▸ EXERCISE DESCRIPTION
Please retype the data below exactly, stopping after the line with "Border Collie Dad" and skipping every picture.

┌─ DATA RECORDS

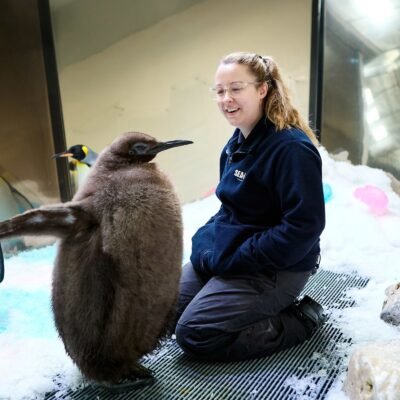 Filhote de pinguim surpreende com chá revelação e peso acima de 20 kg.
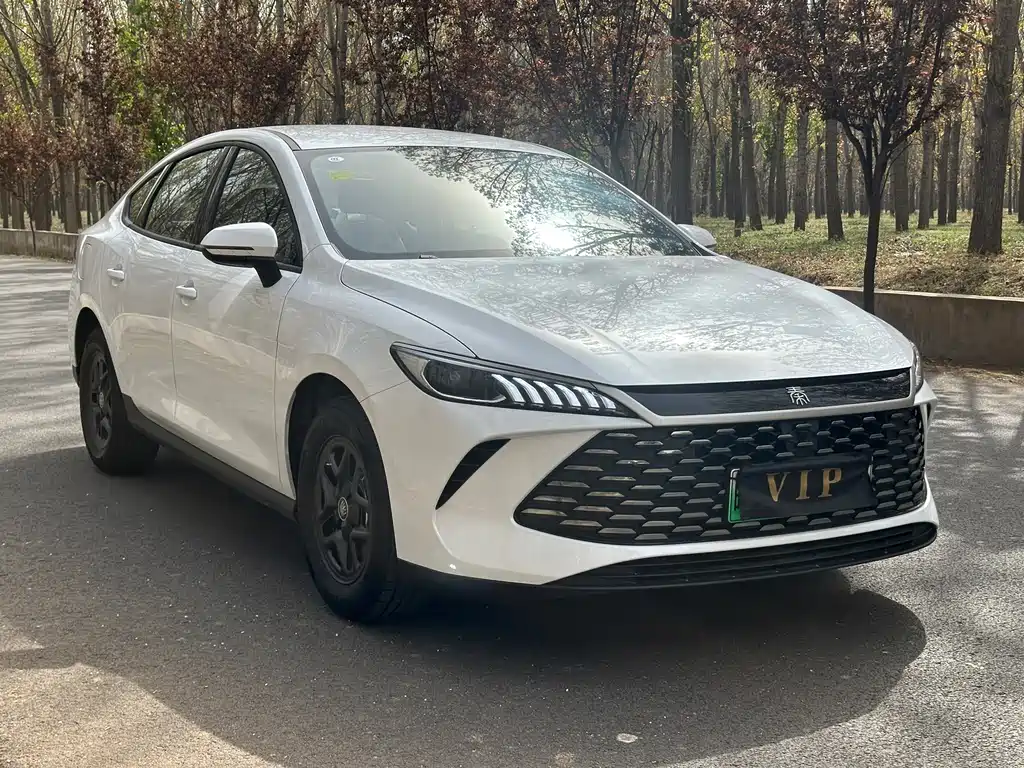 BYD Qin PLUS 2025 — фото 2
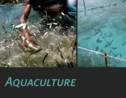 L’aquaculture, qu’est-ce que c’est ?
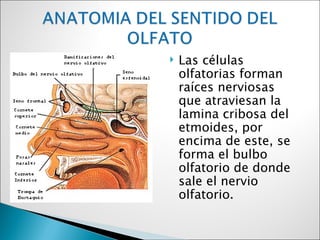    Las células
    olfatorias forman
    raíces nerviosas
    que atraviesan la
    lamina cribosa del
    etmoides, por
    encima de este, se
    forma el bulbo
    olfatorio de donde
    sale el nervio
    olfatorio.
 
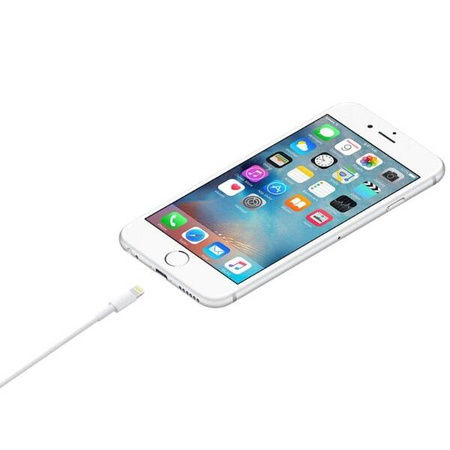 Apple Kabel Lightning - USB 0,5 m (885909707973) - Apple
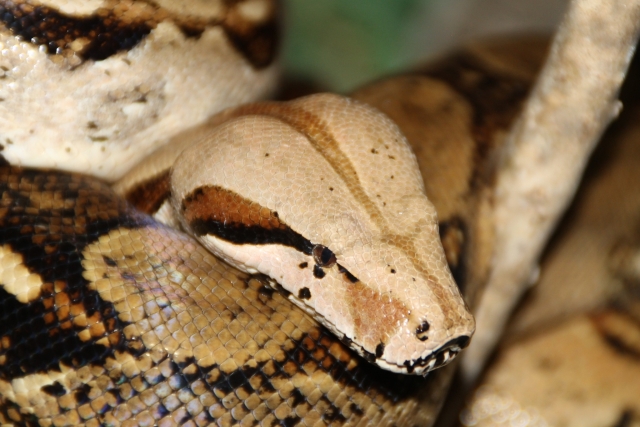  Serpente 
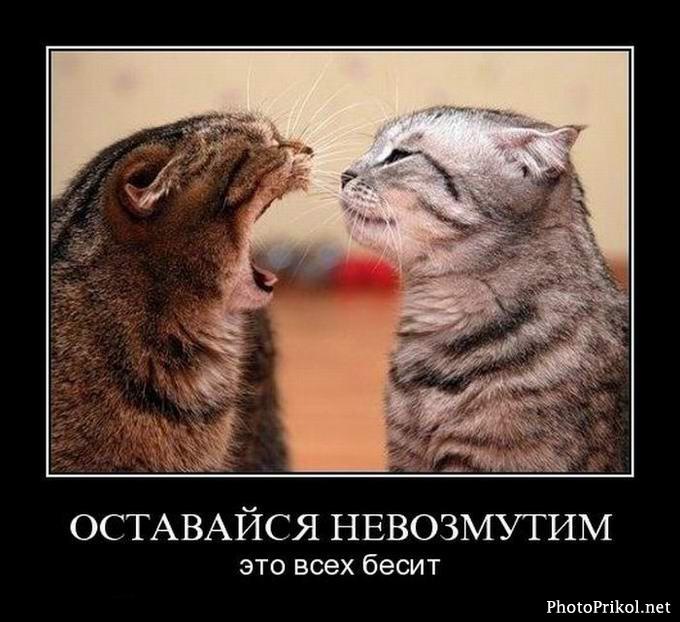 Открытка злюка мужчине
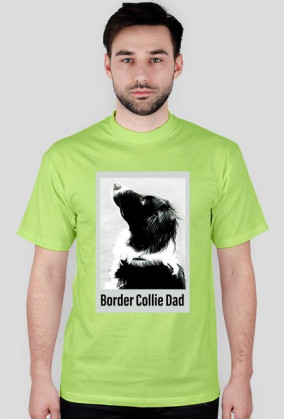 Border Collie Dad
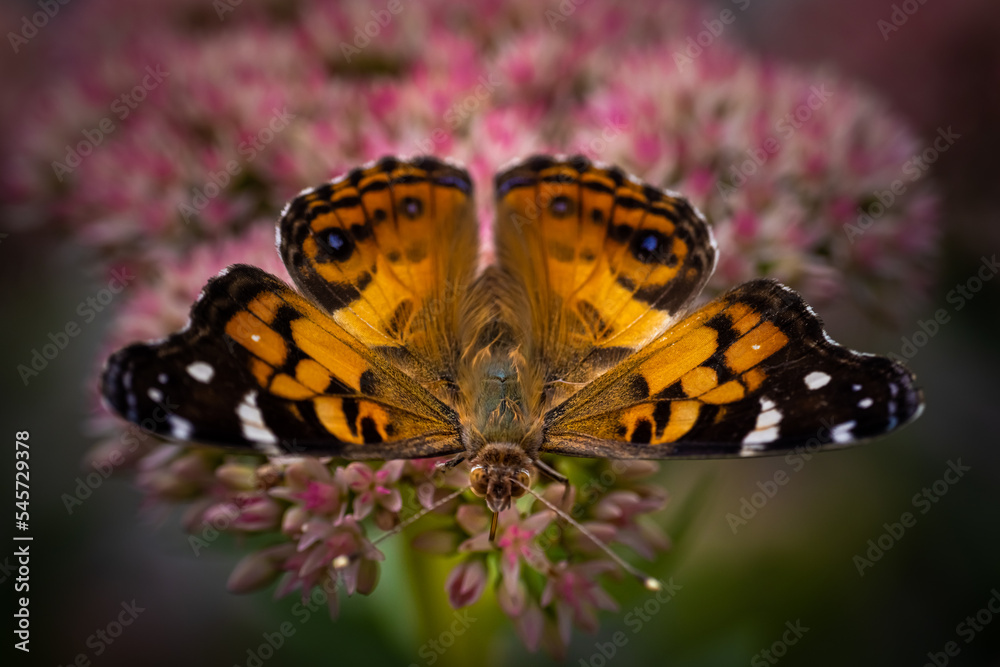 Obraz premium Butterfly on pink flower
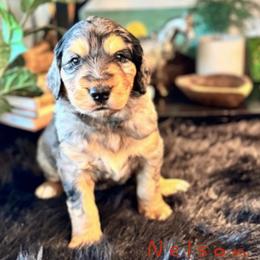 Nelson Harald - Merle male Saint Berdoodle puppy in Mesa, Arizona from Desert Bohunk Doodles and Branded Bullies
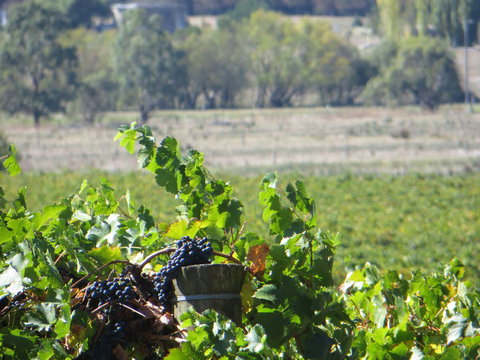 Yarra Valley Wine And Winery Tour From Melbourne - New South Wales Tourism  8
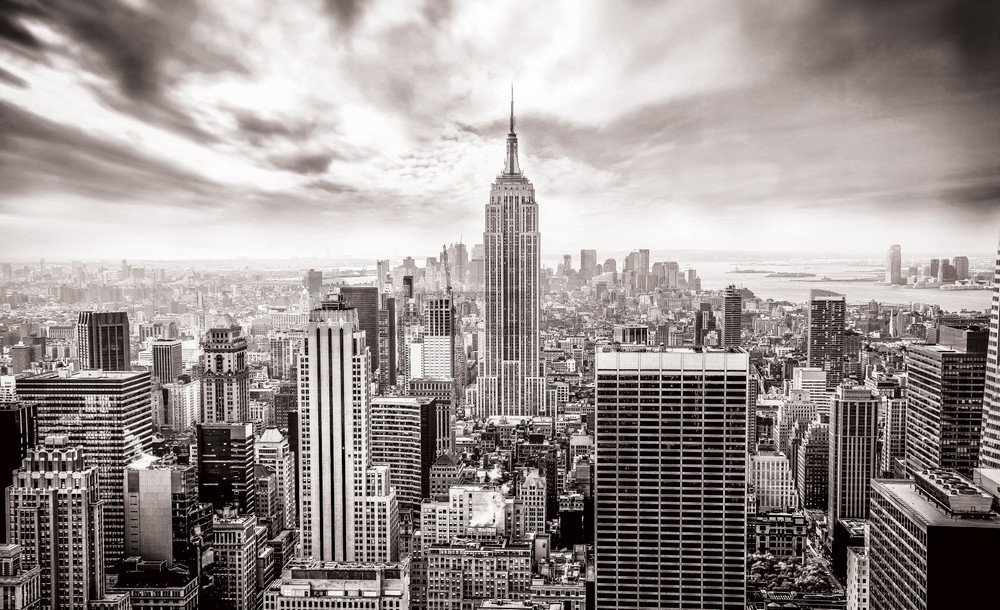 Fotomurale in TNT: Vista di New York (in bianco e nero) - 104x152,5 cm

└─

▸ SOLUTION
 Filhote de pinguim surpreende com chá revelação e peso acima de 20 kg.
 BYD Qin PLUS 2025 — фото 2
 L’aquaculture, qu’est-ce que c’est ?
    Las células
    olfatorias forman
    raíces nerviosas
    que atraviesan la
    lamina cribosa del
    etmoides, por
    encima de este, se
    forma el bulbo
    olfatorio de donde
    sale el nervio
    olfatorio.
 
 Apple Kabel Lightning - USB 0,5 m (885909707973) - Apple
  Serpente 
 Открытка злюка мужчине
 Border Collie Dad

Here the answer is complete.